🤖 AI Summary
To address fault tolerance challenges in safety-critical parallel floating-point accelerators, this paper proposes a runtime-configurable fault-tolerant matrix multiplication architecture. To overcome the high overhead of duplication-based approaches and the inflexibility of error-correcting codes (ECC), we introduce a novel dynamic fault-tolerance mechanism that synergistically integrates task-level redundancy with error-detection coding—ensuring full-path protection of control signals and zero functional errors. Building upon RedMulE, our design employs shadow context registers to configure fault-tolerance modes dynamically, coordinating data-path redundancy with multi-level control-signal protection. Experimental results demonstrate an 11× reduction in uncorrected fault rate; zero functional errors across one million fault-injection trials under full protection; and only a 25.2% area overhead while sustaining a 500 MHz operating frequency in 12 nm CMOS technology.
📝 Abstract
As safety-critical applications increasingly rely on data-parallel floating-point computations, there is an increasing need for flexible and configurable fault tolerance in parallel floating-point accelerators such as tensor engines.
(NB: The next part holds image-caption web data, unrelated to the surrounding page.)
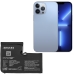Mobiltelefonbatteri Apple CS-IPH265SL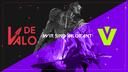 Discovery splash banner for VALORANT DE - PROJECT V Discord server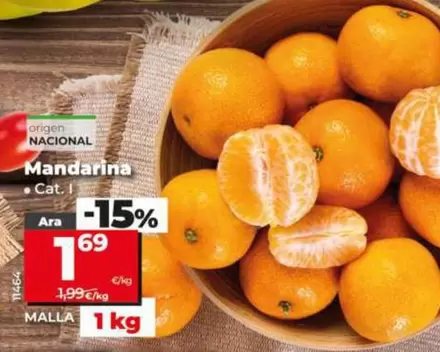 Mandarina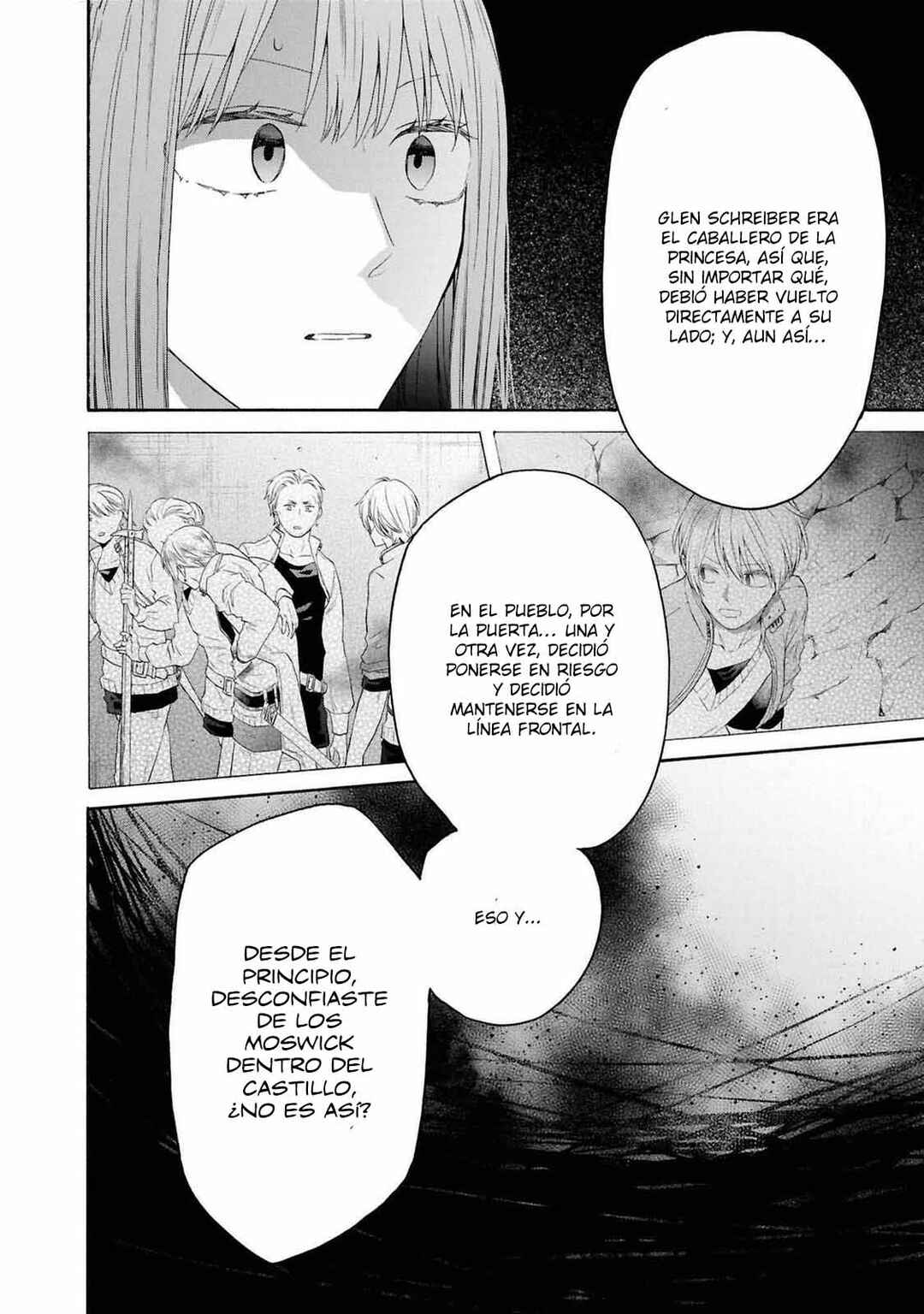 Bokura no Kiseki Chapter 144 - Page 32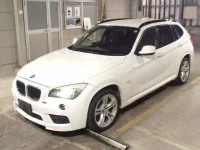BMW X1 лот № 8781 оценка 3.5  с аукциона в Японии 3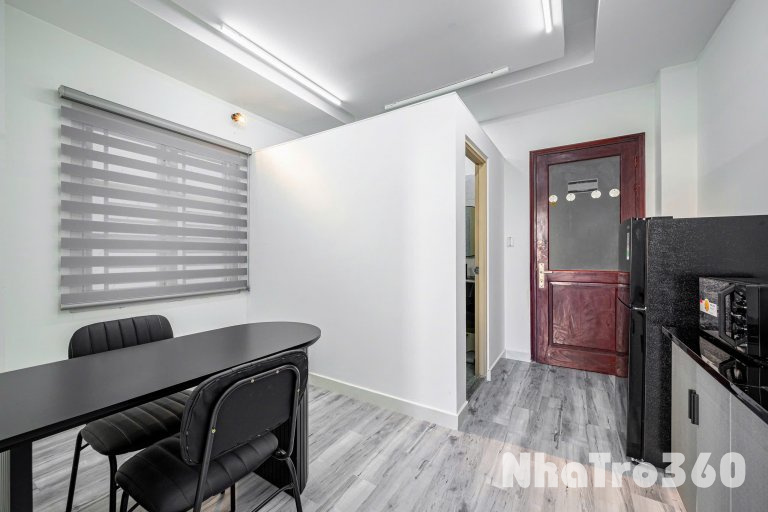 Căn hộ mới - giá hợp lý, bancol đón nắng, gần Đại học UEH, đại học Hoa Sen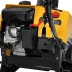 Бензиновая снегоуборочная машина SB 460 Sled, 99cc, лыжи ручной старт// Denzel 97648 купить в Когалыме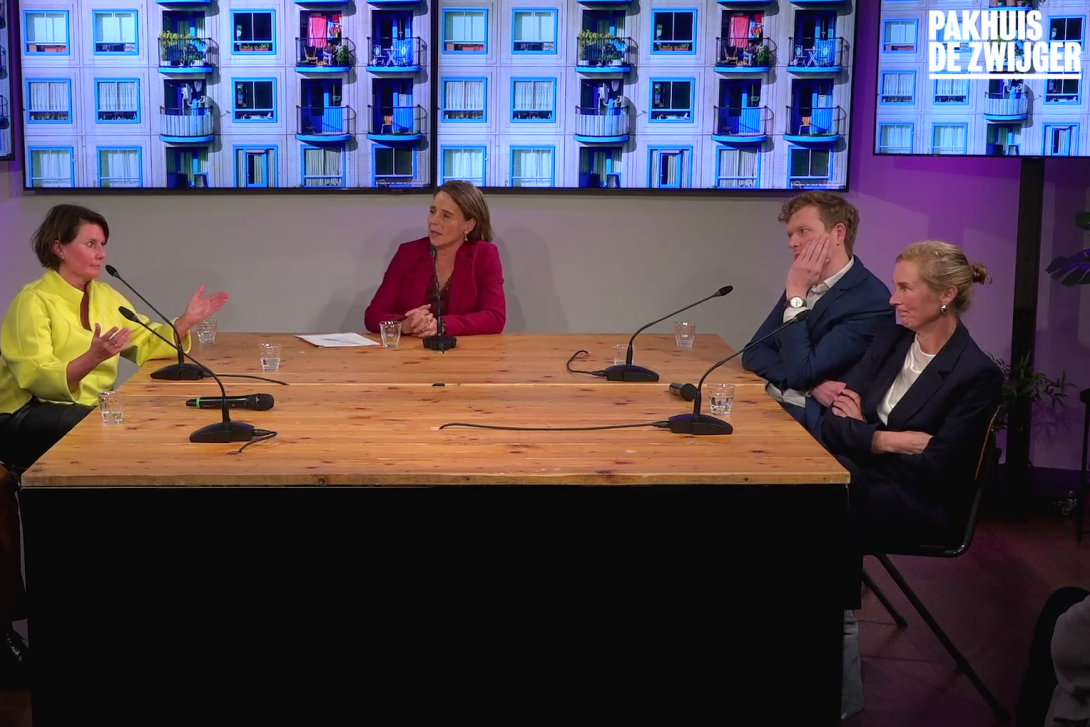 Woondebat de Zwijger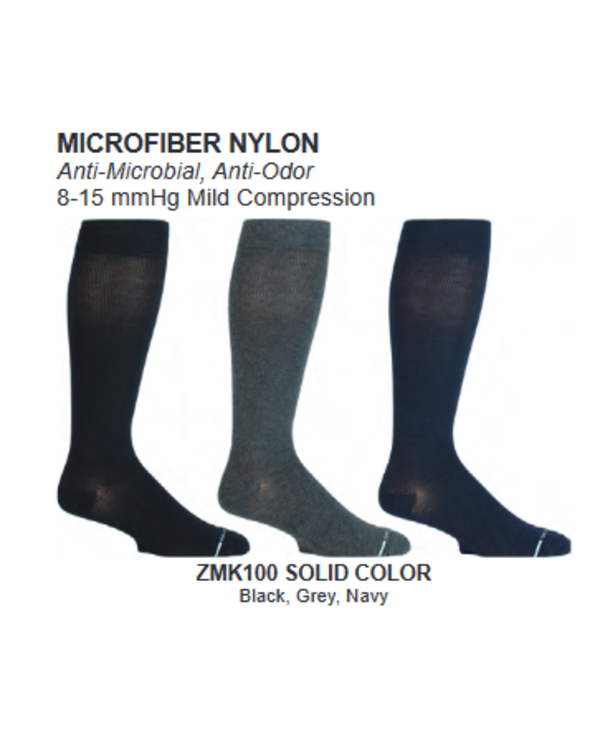 Mens Dr. Motion Compression Socks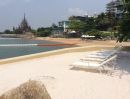 ขายคอนโด - คอนโดบ้านปลายหาด พัทยา โครงการคุณภาพของแสนสิริ วิวทะเล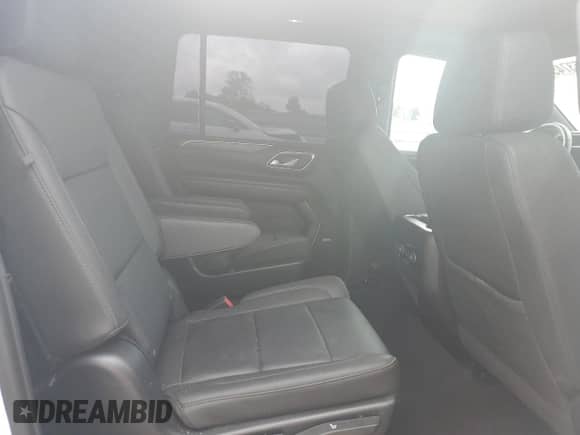 2022 Chevrolet Suburban LT с VIN 1GNSKCKD9NR304796, выставлен на аукционе Copart как лот 63745015 с пробегом 81 685 миль миль и Списание • Salvage title. История ставок и продаж доступна на DreamBid. Изображение 11.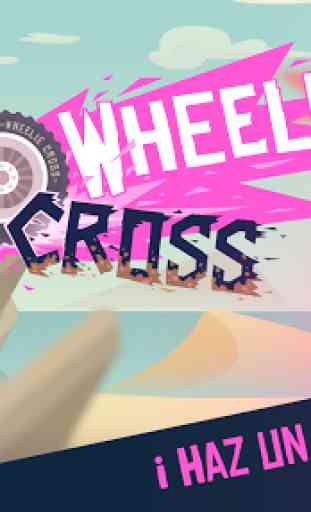Wheelie Cross - Juego de motos 2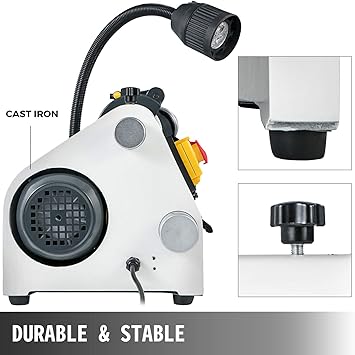 BestEquip  Bench Grinders product image 3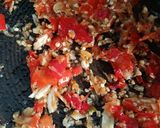 Foto langkah ke 7 dari resep Pempek Jamur Tiram.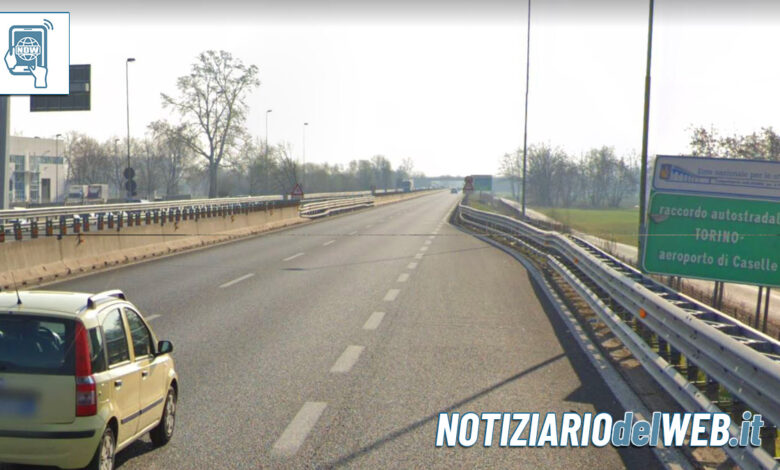 Autovelox Torino Caselle: nuova installazione attiva dal 20 febbraio 2023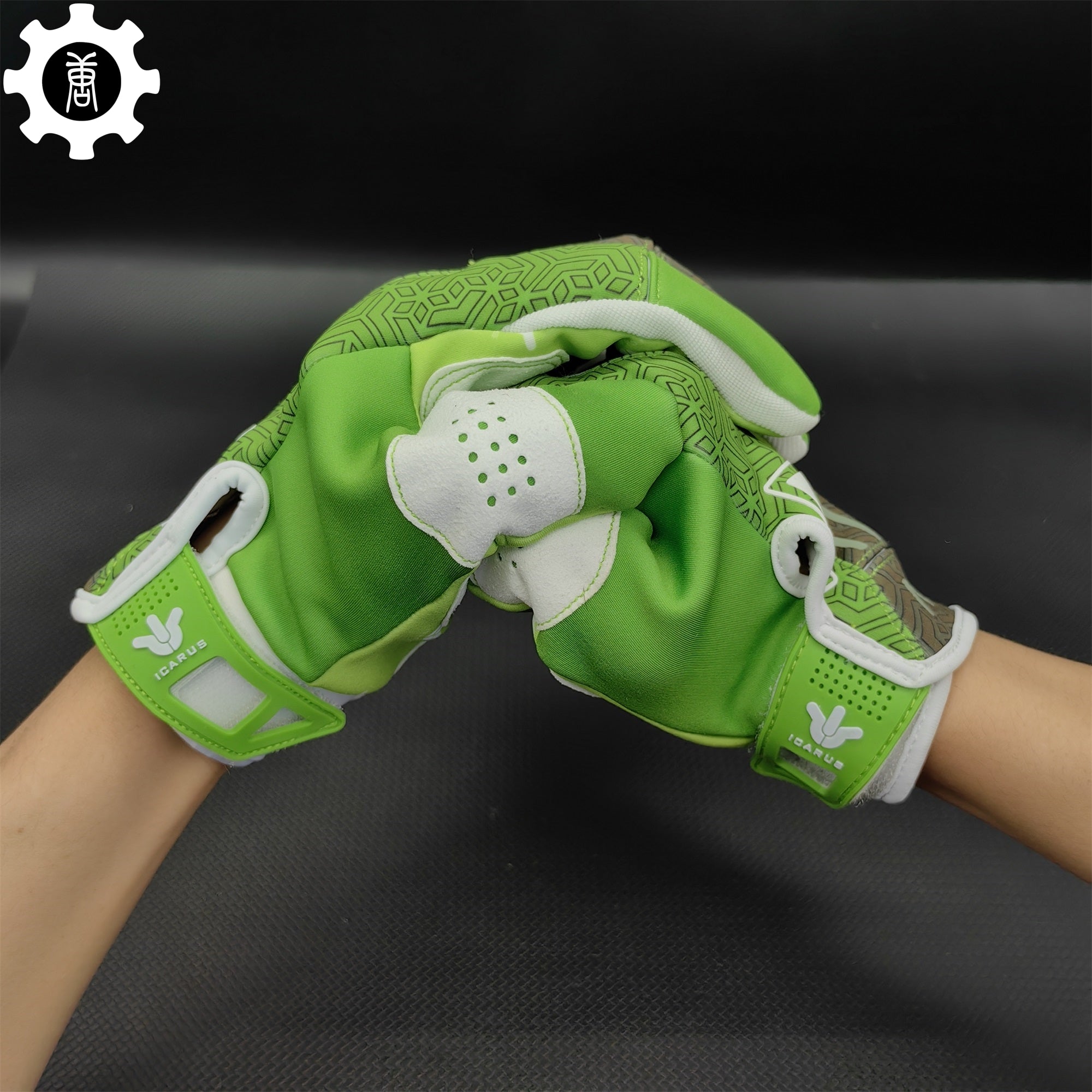 Hedge Maze Sport Gloves A Pair Cosplay Prop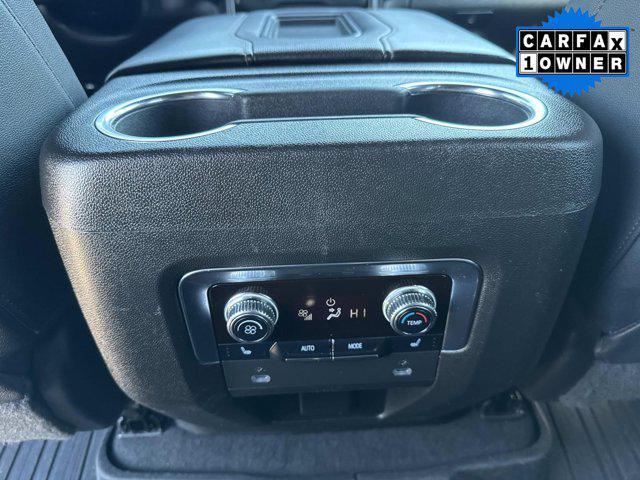 used 2022 GMC Yukon car, priced at $56,995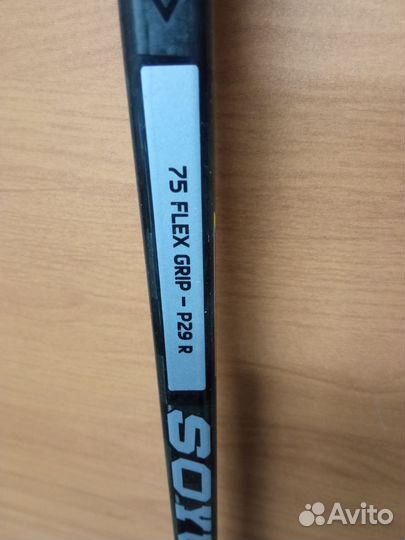 Клюшка Soyuz bc ace STD 75/29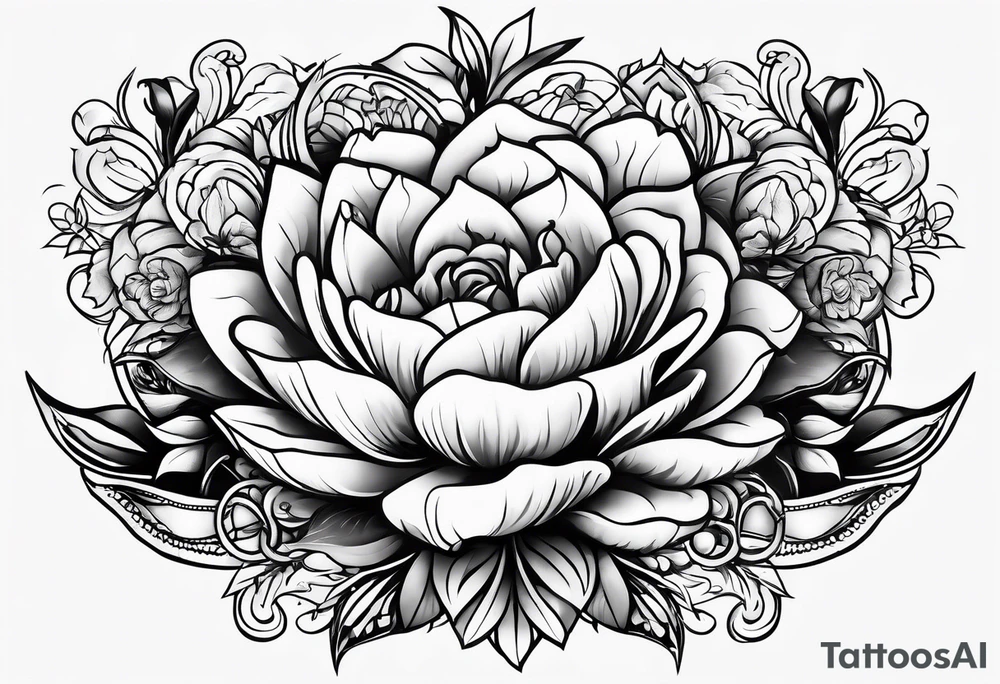 Raison d'etre tattoo idea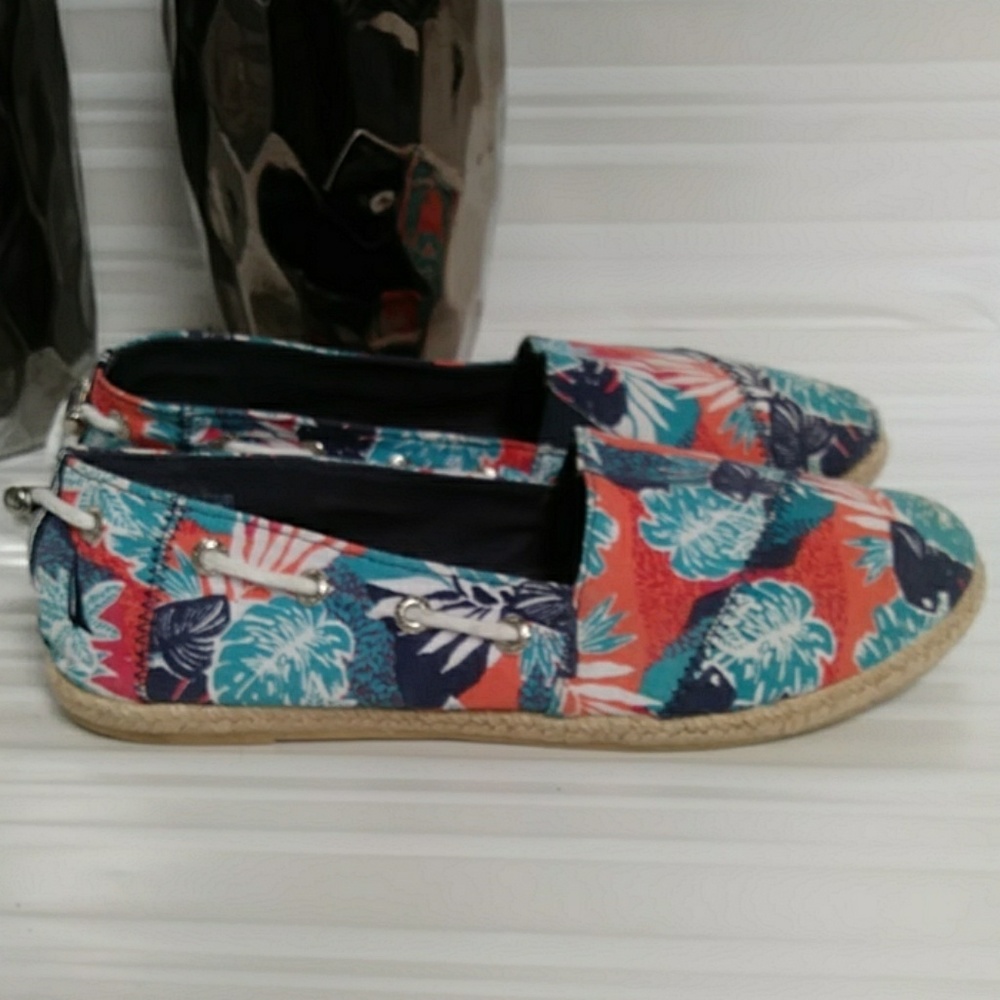 NAUTICA ESPADRILLES SUMMER SHOE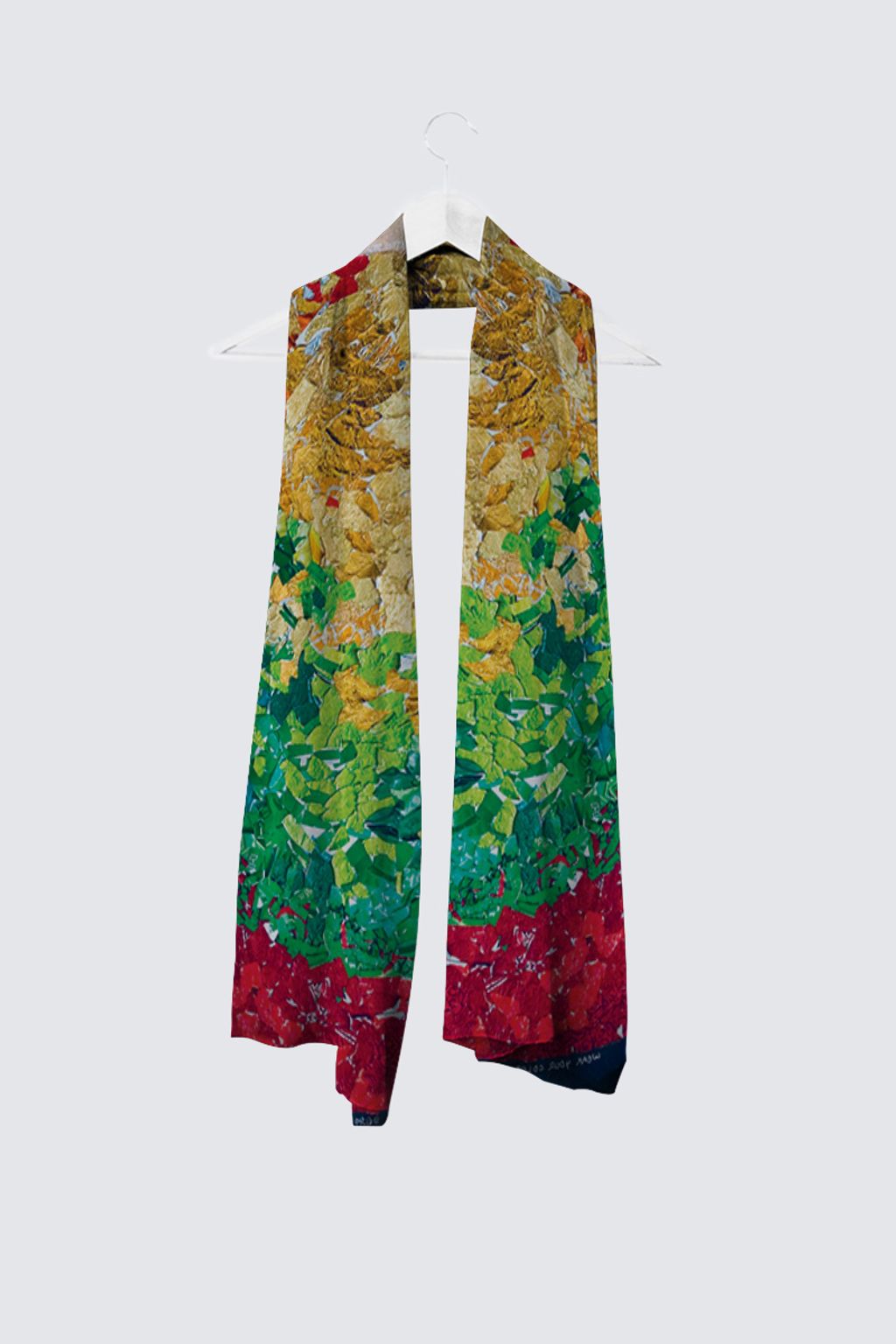 Picture of Wear Your Color  Vivienne Scarf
While replication-based methods ensure reliability but incur high area and power costs, error correction codes lack the flexibility to trade off robustness against performance. This work presents RedMulE-FT, a runtime-configurable fault-tolerant extension of the RedMulE matrix multiplication accelerator, balancing fault tolerance, area overhead, and performance impacts. The fault tolerance mode is configured in a shadowed context register file before task execution. By combining replication with error-detecting codes to protect the data path, RedMulE-FT achieves an 11x uncorrected fault reduction with only 2.3% area overhead. Full protection extends to control signals, resulting in no functional errors after 1M injections during our extensive fault injection simulation campaign, with a total area overhead of 25.2% while maintaining a 500 MHz frequency in a 12 nm technology.